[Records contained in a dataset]

----

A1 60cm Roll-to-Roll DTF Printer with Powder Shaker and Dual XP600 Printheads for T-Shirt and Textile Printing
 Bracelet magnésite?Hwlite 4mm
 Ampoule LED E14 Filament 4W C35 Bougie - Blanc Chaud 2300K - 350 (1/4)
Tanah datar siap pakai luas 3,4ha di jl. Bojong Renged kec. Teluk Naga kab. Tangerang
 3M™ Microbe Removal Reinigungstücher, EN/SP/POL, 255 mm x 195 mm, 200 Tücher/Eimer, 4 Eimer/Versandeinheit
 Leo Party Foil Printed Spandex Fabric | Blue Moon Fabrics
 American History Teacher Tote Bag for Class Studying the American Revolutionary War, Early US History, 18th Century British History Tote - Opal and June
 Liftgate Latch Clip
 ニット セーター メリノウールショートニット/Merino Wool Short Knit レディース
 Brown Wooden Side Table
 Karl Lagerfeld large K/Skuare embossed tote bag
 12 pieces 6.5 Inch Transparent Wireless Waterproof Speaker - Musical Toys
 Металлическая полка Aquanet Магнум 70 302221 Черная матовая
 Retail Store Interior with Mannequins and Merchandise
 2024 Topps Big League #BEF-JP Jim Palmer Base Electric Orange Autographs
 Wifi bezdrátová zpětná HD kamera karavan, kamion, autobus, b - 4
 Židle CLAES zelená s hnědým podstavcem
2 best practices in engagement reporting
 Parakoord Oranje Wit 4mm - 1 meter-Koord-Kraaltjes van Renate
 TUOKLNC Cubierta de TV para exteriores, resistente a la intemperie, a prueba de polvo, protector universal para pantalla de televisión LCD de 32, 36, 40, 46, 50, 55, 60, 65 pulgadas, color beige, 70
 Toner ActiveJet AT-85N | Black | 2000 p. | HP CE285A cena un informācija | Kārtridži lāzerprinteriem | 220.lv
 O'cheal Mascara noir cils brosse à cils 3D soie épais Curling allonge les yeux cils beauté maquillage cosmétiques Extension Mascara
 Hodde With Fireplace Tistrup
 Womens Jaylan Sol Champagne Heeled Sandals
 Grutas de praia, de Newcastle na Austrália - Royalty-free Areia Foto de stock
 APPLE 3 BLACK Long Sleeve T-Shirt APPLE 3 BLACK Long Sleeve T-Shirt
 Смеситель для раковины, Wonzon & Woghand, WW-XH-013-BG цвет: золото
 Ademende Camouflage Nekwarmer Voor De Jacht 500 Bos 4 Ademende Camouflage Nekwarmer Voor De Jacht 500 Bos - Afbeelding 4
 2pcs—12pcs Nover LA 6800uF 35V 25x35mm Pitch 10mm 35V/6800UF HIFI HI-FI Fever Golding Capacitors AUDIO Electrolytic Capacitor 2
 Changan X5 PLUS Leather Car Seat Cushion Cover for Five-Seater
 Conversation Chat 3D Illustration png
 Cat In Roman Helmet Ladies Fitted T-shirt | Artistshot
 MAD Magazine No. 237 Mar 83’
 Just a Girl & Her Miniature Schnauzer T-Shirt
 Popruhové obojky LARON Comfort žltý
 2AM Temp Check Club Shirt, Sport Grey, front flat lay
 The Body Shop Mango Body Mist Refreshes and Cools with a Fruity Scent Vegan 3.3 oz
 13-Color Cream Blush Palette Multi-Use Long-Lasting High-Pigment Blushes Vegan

----

→ ASSIGNMENT
Repeat word for word the lines above that run from the line containing "3M™ Microbe Removal" through the line containing "2AM Temp Check", both ends included, and nothing else.

→ YOUR SOLUTION
 3M™ Microbe Removal Reinigungstücher, EN/SP/POL, 255 mm x 195 mm, 200 Tücher/Eimer, 4 Eimer/Versandeinheit
 Leo Party Foil Printed Spandex Fabric | Blue Moon Fabrics
 American History Teacher Tote Bag for Class Studying the American Revolutionary War, Early US History, 18th Century British History Tote - Opal and June
 Liftgate Latch Clip
 ニット セーター メリノウールショートニット/Merino Wool Short Knit レディース
 Brown Wooden Side Table
 Karl Lagerfeld large K/Skuare embossed tote bag
 12 pieces 6.5 Inch Transparent Wireless Waterproof Speaker - Musical Toys
 Металлическая полка Aquanet Магнум 70 302221 Черная матовая
 Retail Store Interior with Mannequins and Merchandise
 2024 Topps Big League #BEF-JP Jim Palmer Base Electric Orange Autographs
 Wifi bezdrátová zpětná HD kamera karavan, kamion, autobus, b - 4
 Židle CLAES zelená s hnědým podstavcem
2 best practices in engagement reporting
 Parakoord Oranje Wit 4mm - 1 meter-Koord-Kraaltjes van Renate
 TUOKLNC Cubierta de TV para exteriores, resistente a la intemperie, a prueba de polvo, protector universal para pantalla de televisión LCD de 32, 36, 40, 46, 50, 55, 60, 65 pulgadas, color beige, 70
 Toner ActiveJet AT-85N | Black | 2000 p. | HP CE285A cena un informācija | Kārtridži lāzerprinteriem | 220.lv
 O'cheal Mascara noir cils brosse à cils 3D soie épais Curling allonge les yeux cils beauté maquillage cosmétiques Extension Mascara
 Hodde With Fireplace Tistrup
 Womens Jaylan Sol Champagne Heeled Sandals
 Grutas de praia, de Newcastle na Austrália - Royalty-free Areia Foto de stock
 APPLE 3 BLACK Long Sleeve T-Shirt APPLE 3 BLACK Long Sleeve T-Shirt
 Смеситель для раковины, Wonzon & Woghand, WW-XH-013-BG цвет: золото
 Ademende Camouflage Nekwarmer Voor De Jacht 500 Bos 4 Ademende Camouflage Nekwarmer Voor De Jacht 500 Bos - Afbeelding 4
 2pcs—12pcs Nover LA 6800uF 35V 25x35mm Pitch 10mm 35V/6800UF HIFI HI-FI Fever Golding Capacitors AUDIO Electrolytic Capacitor 2
 Changan X5 PLUS Leather Car Seat Cushion Cover for Five-Seater
 Conversation Chat 3D Illustration png
 Cat In Roman Helmet Ladies Fitted T-shirt | Artistshot
 MAD Magazine No. 237 Mar 83’
 Just a Girl & Her Miniature Schnauzer T-Shirt
 Popruhové obojky LARON Comfort žltý
 2AM Temp Check Club Shirt, Sport Grey, front flat lay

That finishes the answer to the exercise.